Some people don't even make that much in a month. And they're complaining as to why their land business, that, Hey, the land business doesn't work anymore. Right. And we're sitting here with Josh Pierce is crushing it with six figure months. I think to the same vein. And the reason I'm making this point is with the cookie closers. I mean, I hate to say it, Josh, but I know for a fact, man, you've got people that order a 10 pack, send out one box and they're like, huh, didn't work. It probably won't send out anymore. You know, which is so unfortunate from the frame of like, you're just not doing enough work to get a result, which is why I think it's so smart that you even do it in a 10 pack, right? Because you don't want to set an expectation where you should be doing one of these. It should either be enough to get the result or not, right? Like I'm a proponent of if you're going to join a gym, do 12 months at a time instead of a month to month membership, because it shows me you're committed to go for 12 months, right? All that to say, I just want to point out, Seth, your question of like, hey, how many does it take to get a deal? Phenomenal question. But it also means you got to send out 10 to get those one to three actually inked up, right? So there's a function of just doing the work that gets results there.
Seth: I think you told me this answer already, but just to be totally clear, what is the correct timing of when to send this thing? Could you actually do damage to a relationship if you do it after you make somebody mad and they perceive it as, oh, you're just trying to get on my good side? Like, what is the optimal time to do it?
Josh: Oh, man. Ajay, have you figured that one out in your guys' operation? To answer your first question of can you damage a relationship, we've not seen that in the probably 100, 110 boxes we've sent. It doesn't seem like it would, but I don't know.
Ajay: Yeah. Anybody that really gets mad over cookies, man, they've got problems in their life. I will never understand, right? I mean, it's the same people that get a postcard and curse you out and all kinds of stuff, right? So like, hey man, that guy's got his own issues in his life. I think on the other side, in terms of like optimizing, so we, similar to Josh, we actually have a dedicated Slack channel for Cookie Closer Friday because my assistant Kaylee runs the ops for our entire team that's sending out boxes. So we make sure we have all those submissions to her so she can run the admin side of getting it all submitted. And not like it's a huge lift, but guys, we'll do five to 10 boxes a week just as a part of our process. sometimes less, sometimes more. I think we sent out eight last week and that was just on one deal that had a bunch of parties involved.

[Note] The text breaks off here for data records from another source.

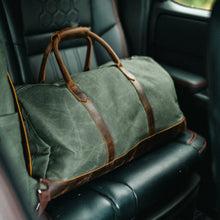 Load image into Gallery viewer, Weekender Bag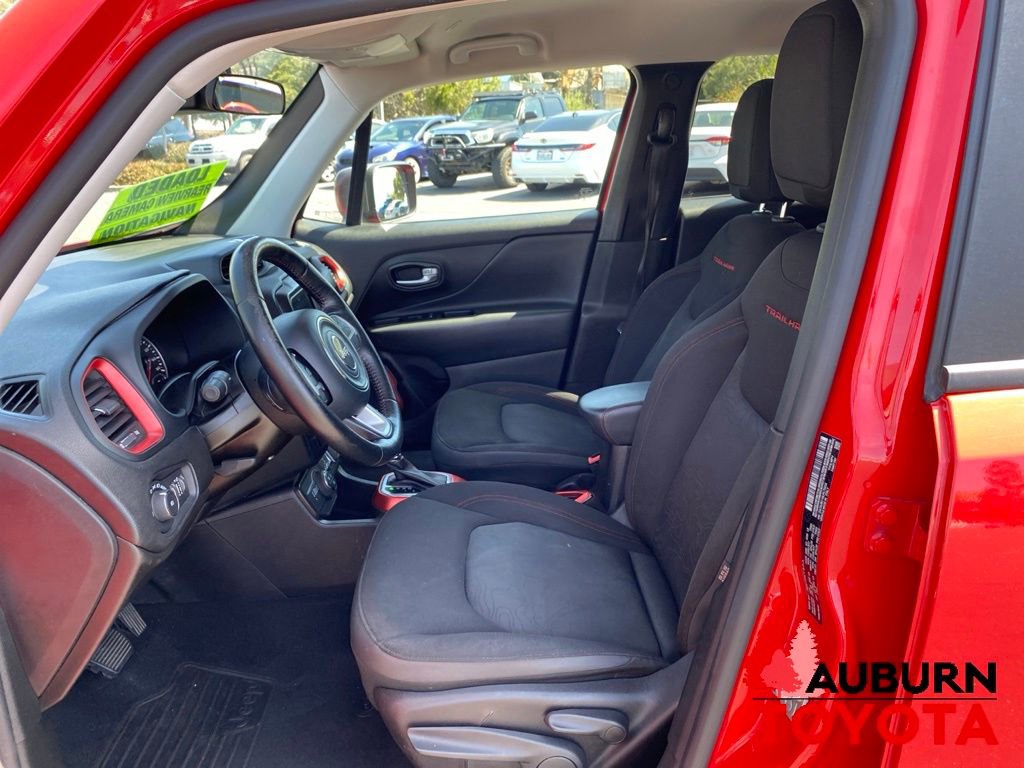 Used 2020 Jeep Renegade Trailhawk w/ Cold Weather Group AWD/4WD image 24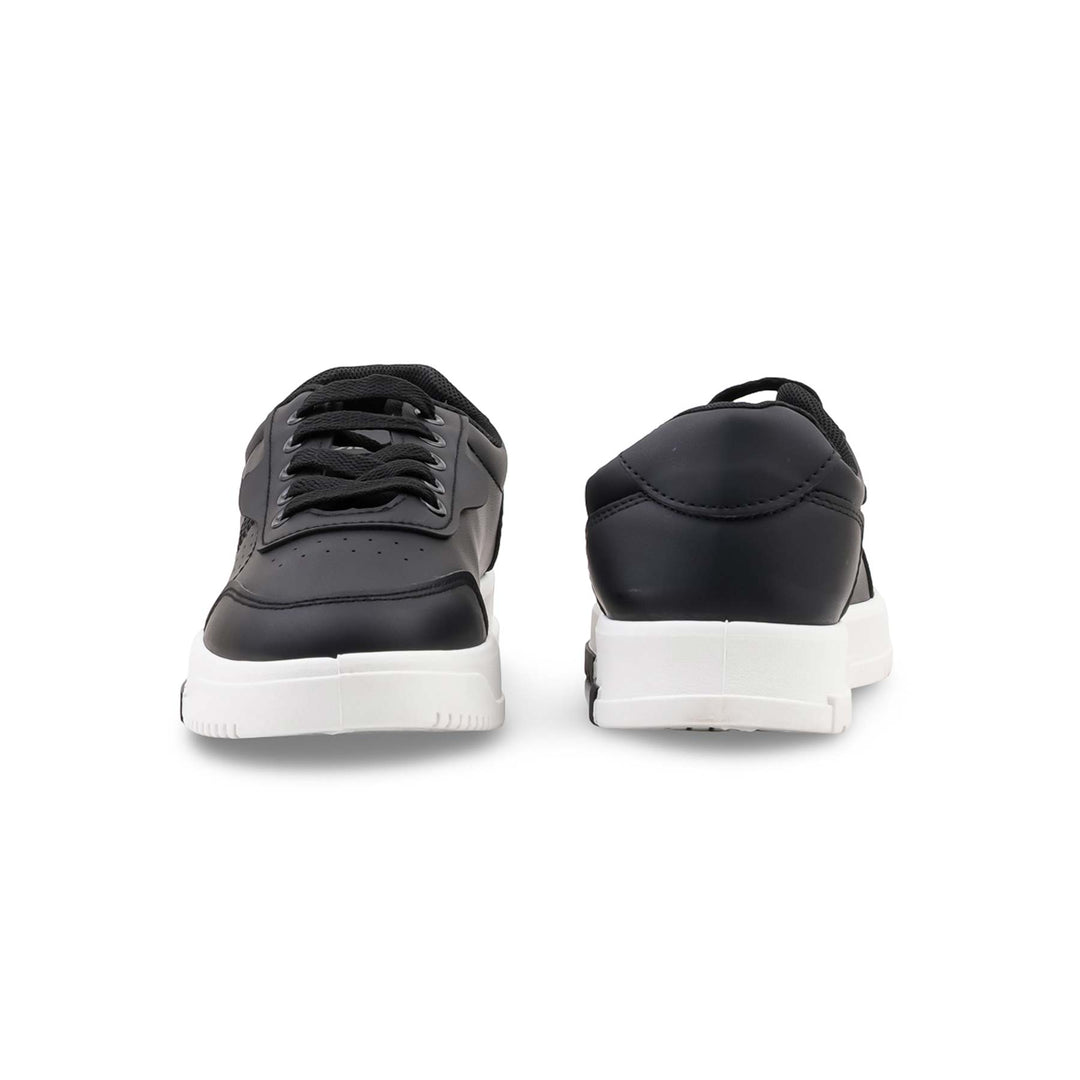 Black Casual Sneaker For Women AT7564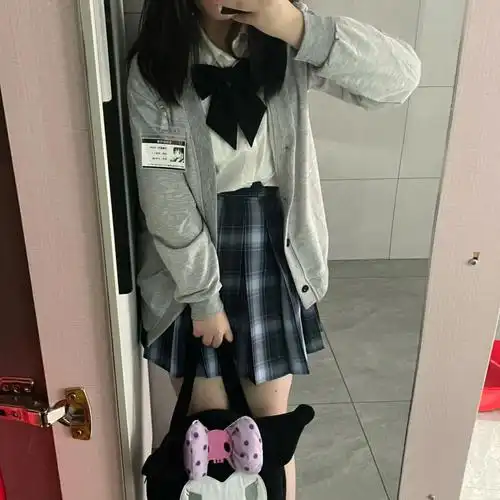 jk对镜拍照姿势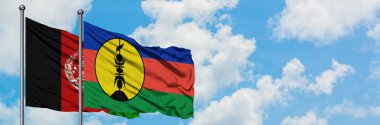Afganistan ve Yeni Kaledonya bayrağı birlikte beyaz bulutlu mavi gökyüzüne karşı rüzgarda sallayarak. Diplomasi kavramı, uluslararası ilişkiler.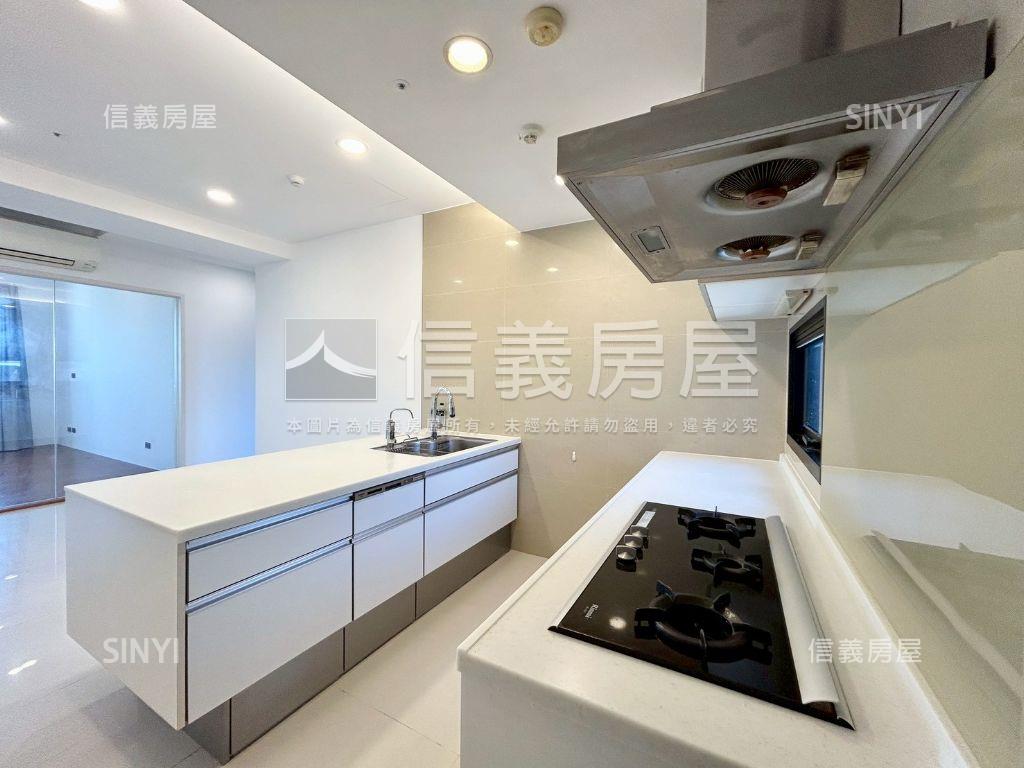 坤山和謙視野四房房屋室內格局與周邊環境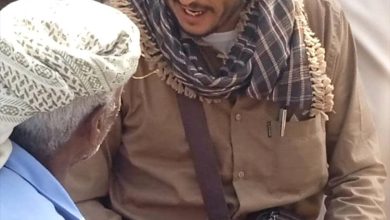 مكتب الصناعة والتجارة رصد يهيب بتجار الجملة والقطاعي اشهار التسعيرة الجديدة على متاجرهم بيافع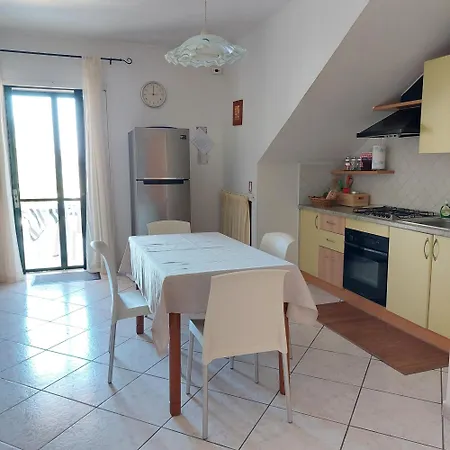 Nyaraló La Brezza, Relax Nel Con Vista Mare
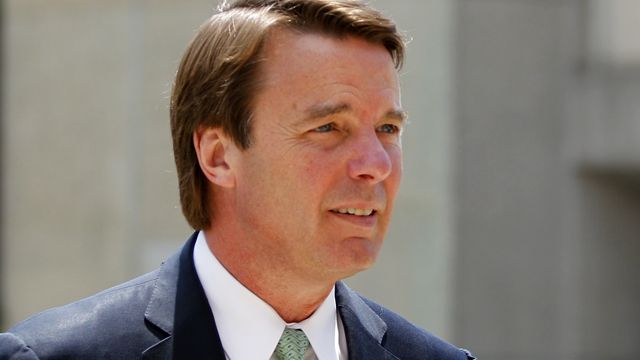 Judge declares mistrial in John Edwards corruption trial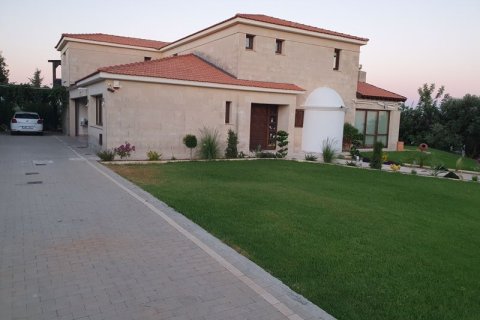 6 bedrooms Villa in Souni–Zanatzia, Cyprus No. 36981 8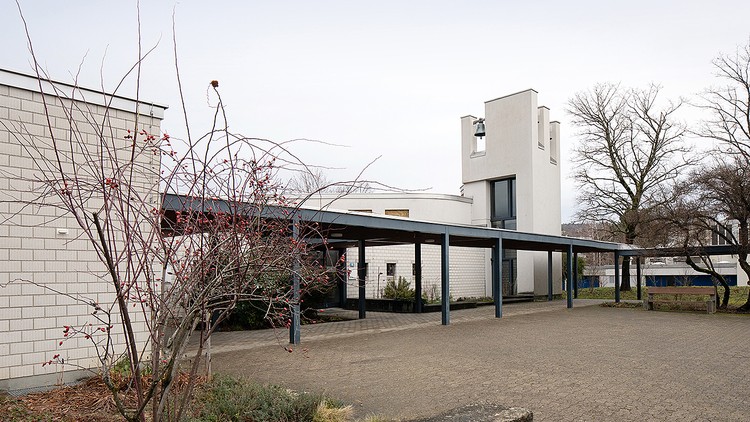 Aussenansicht der Epi-Kirche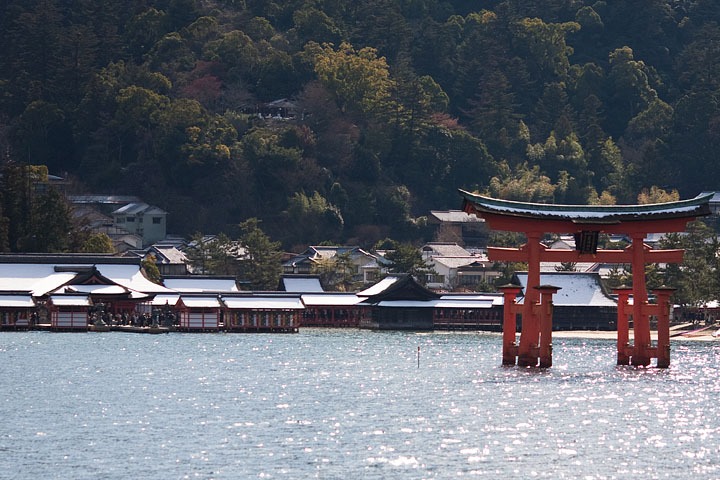 miyajima tori temple fremo sea dal mare tempio porta giappone più famosa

In terms of optimal time, we see two situations, maybe three that it mainly serves. One is somebody opted into our marketing at some level, gave us a reason to think that that deal is going to close. So take, for example, somebody calls on PatLive, gives you an asking price that you know you can do or get pretty close to. You start following up with that lead and it's hard to get back in touch with them. That's a very qualified lead, in my opinion. Our biggest deal killer in this business is price. So if I have a reason to believe that price is not my reason why I can't do a deal, I'm going to attack that thing like gangbusters, right? So that's opportunity number one. Opportunity number two is when I get a verbal, but there's something in the way, right? There's an attorney objection. There's a judge that needs to order things. There's a partner spouse objection that for whatever reason you didn't overcome. Maybe you're not the best at sales training. Maybe it was just really difficult and wasn't a regular case study of objections. Doesn't matter. If you again have a verbal on price or are pretty close and we're on the fence, right? And we're waiting to overcome an objection. Absolutely. Send a cookie box out for that. You will never go wrong there. Right. And like, what's your worst case scenario? They signed the contract before they get cookies. Oh no. Right. It's like, if that's my worst case scenario, I'm okay with that outcome. Scenario number three is those leads where you got really close. Maybe you did get a verbal and like Josh said, they just never signed a contract. Right. There was no objection or you didn't know of one because you weren't a good enough salesperson or they were reserved and didn't give it to you. But you thought you had a deal. And for whatever reason, the contract's not signed. Right. I can tell you with convicting confidence that somebody that's been doing this for several months now is a regular part of our process.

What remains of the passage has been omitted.